*** GIVEN RECORDS

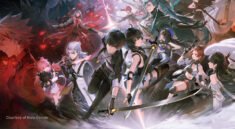 Game Terbaru Kuro Game Akan Jadi 'Action RPG Open World PvP' dengan Unreal Engine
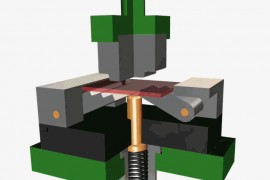 五金模具设计之钣金冲压件结构设计总结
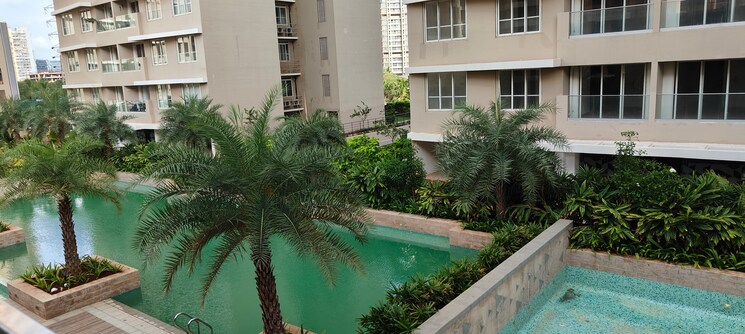 Cover Image, kalpataru-radiance 3 Bedroom 1000 Sq.Ft. Apartment In Goregaon West Mumbai 9743557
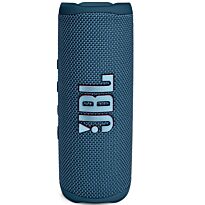 Портативная акустика JBL FLIP 6, синяя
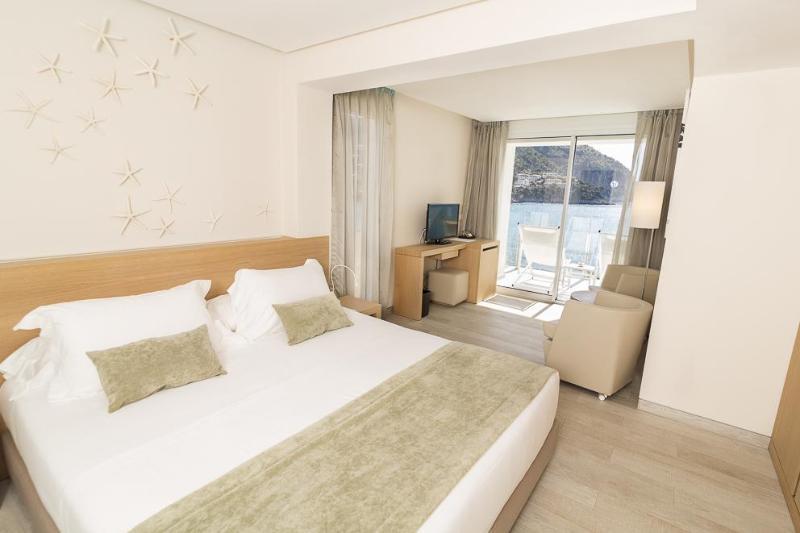 Caballito Al Mar (Adults Only) Canyamel  Luaran gambar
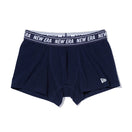 ボクサーパンツ ネイビー | NEW ERA ニューエラ公式オンラインストア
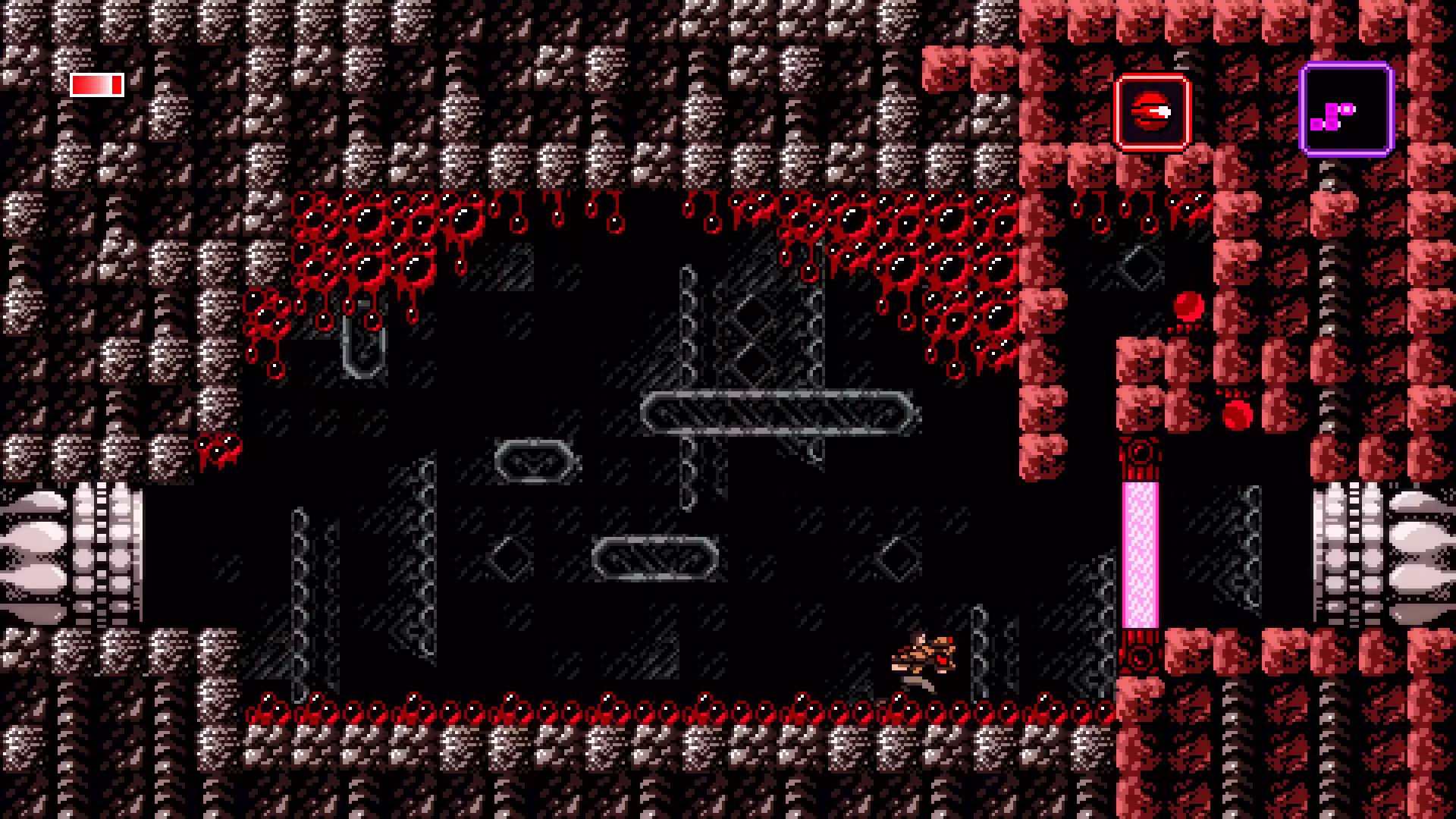 公理边缘/Axiom Verge-6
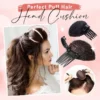 Perfect Puff Hair Head Cushion
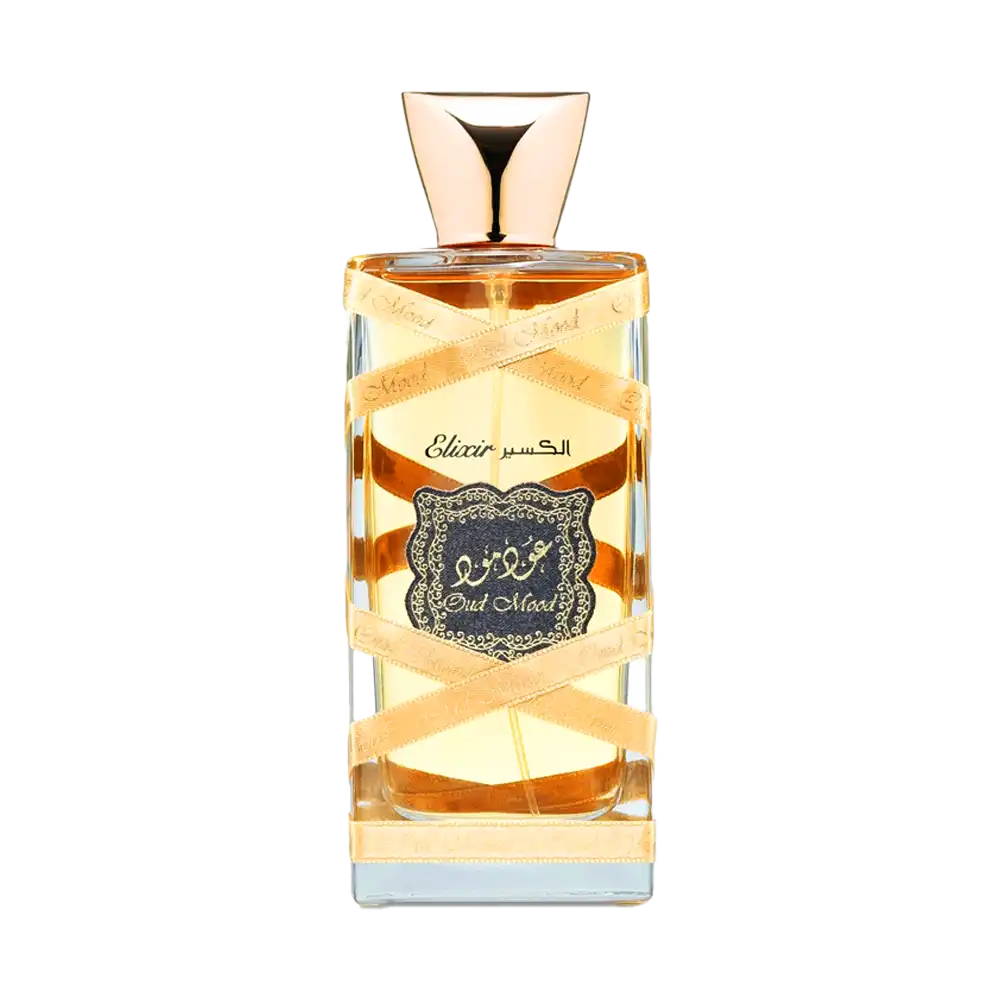 Lattafa Oud Mood Elixir Parfum online kaufen bei Aleen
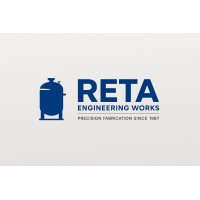 Reta Engineering Works logo - Similar company to Bhandari Engineering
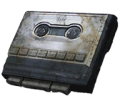 Tape Recorder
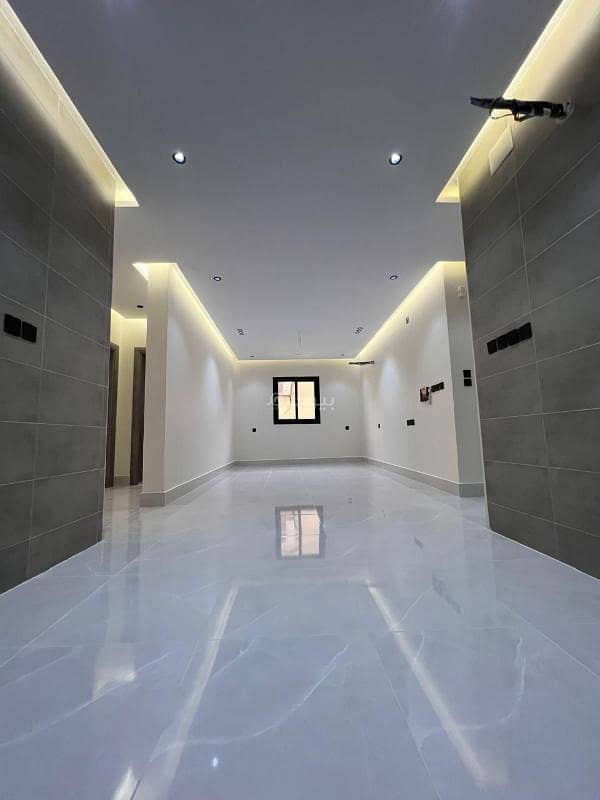 Luxury new 5-bedroom apartment for sale in Jeddah, Salamah neighborhood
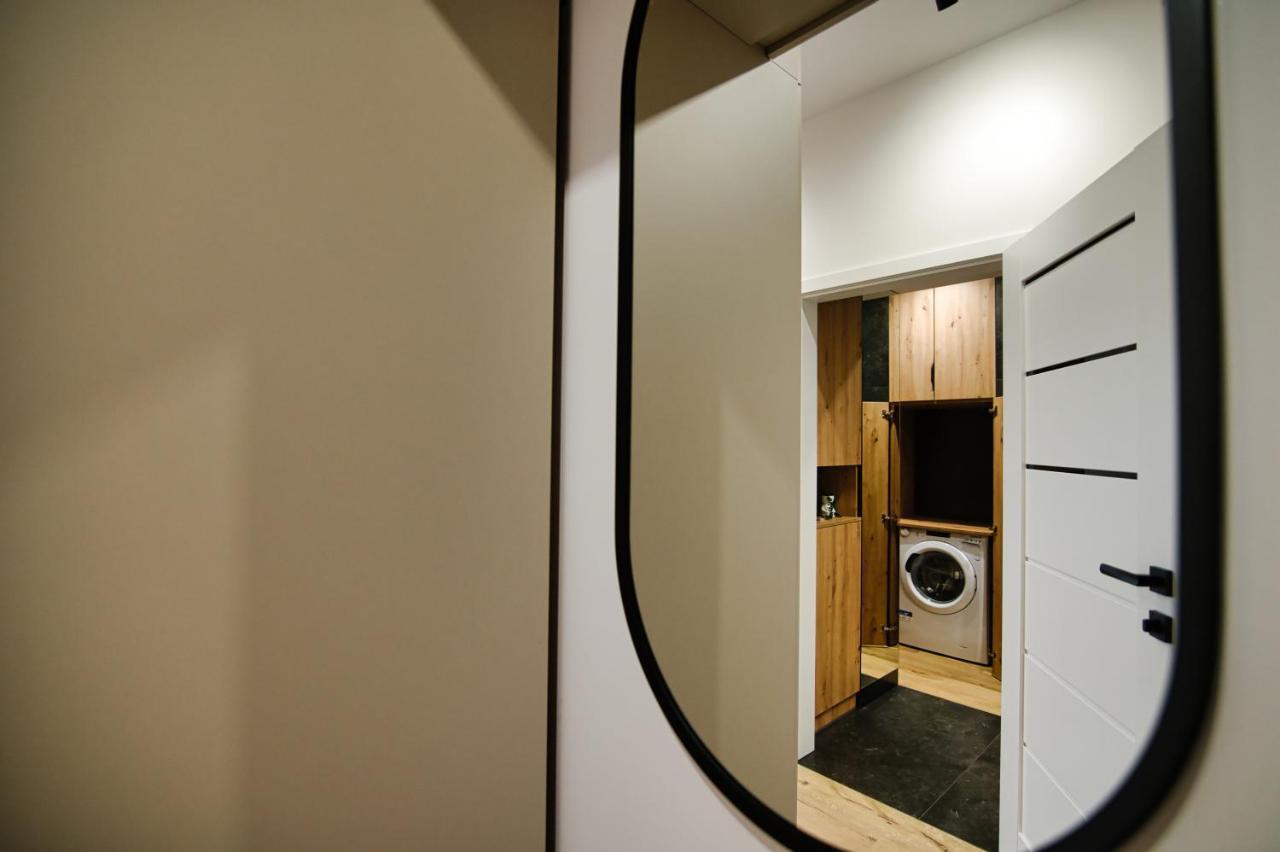 Apartmán Good Rest In 52 Zator Exteriér fotografie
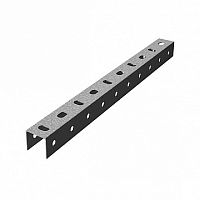  П-образный профиль PSM, L700, толщ.2,5мм²(упак. 16шт) | код. BPM2907 | DKC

******

= WHAT YOU WILL DO =
Verbatim transcription needed, from the opening line of the entries above through the line containing "Luxury new 5-bedroom"; pictures do not belong in it.

= YOUR RESPONSE =
 Game Terbaru Kuro Game Akan Jadi 'Action RPG Open World PvP' dengan Unreal Engine
 五金模具设计之钣金冲压件结构设计总结
 Cover Image, kalpataru-radiance 3 Bedroom 1000 Sq.Ft. Apartment In Goregaon West Mumbai 9743557
 Портативная акустика JBL FLIP 6, синяя
 Caballito Al Mar (Adults Only) Canyamel  Luaran gambar
 ボクサーパンツ ネイビー | NEW ERA ニューエラ公式オンラインストア
 公理边缘/Axiom Verge-6
 Perfect Puff Hair Head Cushion
 Lattafa Oud Mood Elixir Parfum online kaufen bei Aleen
 Reta Engineering Works logo - Similar company to Bhandari Engineering
 Tape Recorder
 Luxury new 5-bedroom apartment for sale in Jeddah, Salamah neighborhood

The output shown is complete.